この激派の動きに対し、正志斎は 2 月 28 日 に、長岡宿に屯する輩は朝廷からの「勅書」返納の命に背く逆賊であるからこれを討つとして、激派追討のため鎮圧軍を編成した。これを見た高橋ら長岡宿に屯していた集団は脱藩して江戸へと逃れ、水戸城下から逃れて来た激派の一団や薩摩浪士の有村兼武・兼清兄弟らと合流し、 3 月 3 日 、 江戸城 桜田門外で直弼を襲撃して殺害した( 桜田門外の変 )。 8 月 15 日 の斉昭病没後も激派の行動はやまず、さらに 第一次東禅寺事件 ・ 坂下門外の変 などを起こすに至った。
第一次東禅寺事件
文久 元年 5 月 28 日 ( 1861 年 7 月 5 日 )、 水戸藩 脱藩の攘夷派浪士 14 名が イギリス 公使 ラザフォード・オールコック らを襲撃した事件。
文久元年5月、イギリス公使オールコックは長崎から江戸へ向かう際、幕府が警備上の問題から海路での移動を勧めたのに対し、条約で定める国内旅行権を強硬に主張して陸路で江戸へ旅し、5月27日にはイギリス公使館が置かれていた江戸高輪東禅寺に入った。この行動に対し、尊攘派の志士らは「 夷狄 である外人男性に神州日本が穢され田」と憤激した。
水戸藩脱藩の攘夷派浪士・ 有賀半弥 ら14名は、5月24日に 常陸国 玉造湊を出航し、東禅寺門前の浜に上陸すると、 品川宿 の妓楼「虎屋」で決別の盃を交わした後、5月28日午後10時頃、東禅寺のイギリス公使館内に侵入し、オールコック公使らを襲撃した。 外国奉行 配下で公使館の警備に就いていた 旗本 や 郡山藩 士・ 西尾藩 士らが応戦し、邸の内外で攘夷派浪士と戦闘し、双方が死傷者を出した(警備兵 2 名、浪士側 3 名が死亡)。オールコックは危うく難を逃れたが、書記官 ローレンス・オリファント と長崎駐在領事 ジョージ・モリソン が負傷した。両名はその後帰国している。

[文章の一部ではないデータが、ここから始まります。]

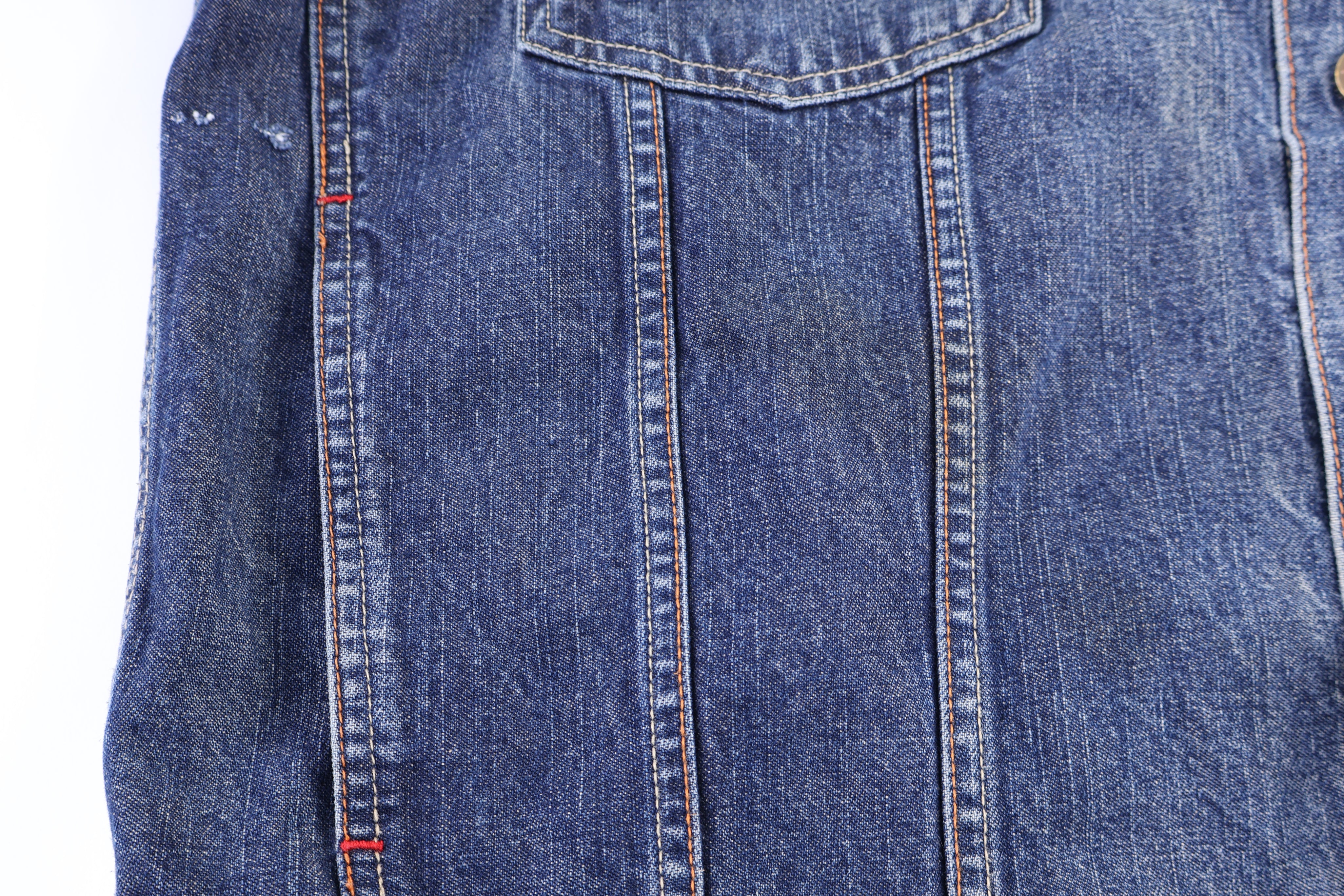 Vintage Tommy Hilfiger Dark Wash Denim Jacket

攘夷派浪士は公使らの殺害に失敗し逃走、有賀半弥、 小堀寅吉 、 古川主馬之介 の3名がその場で討取られ、 榊鉞三郎 が現場で捕縛された(旗本・ 生駒親敬 に預けられた後、 12 月に斬首)。
逃げた浪士も、「虎屋」で包囲され、 中村貞吉 、 山崎信之介 の2名は切腹、 石井金四郎 は捕えられ、旗本・ 山名義済 に預けられた後に処刑。 前木新八郎 も逃げ切れず切腹している。浪士らはいずれも襲撃の趣意書を携帯しており、それには「尊攘の大義のため」実行した旨が記されていた。逃走した 黒沢五郎 、 高畑総次郎 はその後、 坂下門外の変 に参加し闘死した。 岡見留次郎 は西国に逃走し 天誅組の変 に参加、敗走後捕えられ斬首された。 木村幸之助 、 森半蔵 ら、その他の浪士たちも逃亡の末切腹・獄死及び斬首され、 明治時代 まで生き延びたのは 渡辺剛蔵 、 矢沢金之助 と、襲撃に参加せず、逃走・捕縛後に 明治維新 により特赦された 堀江芳之助 のみであった。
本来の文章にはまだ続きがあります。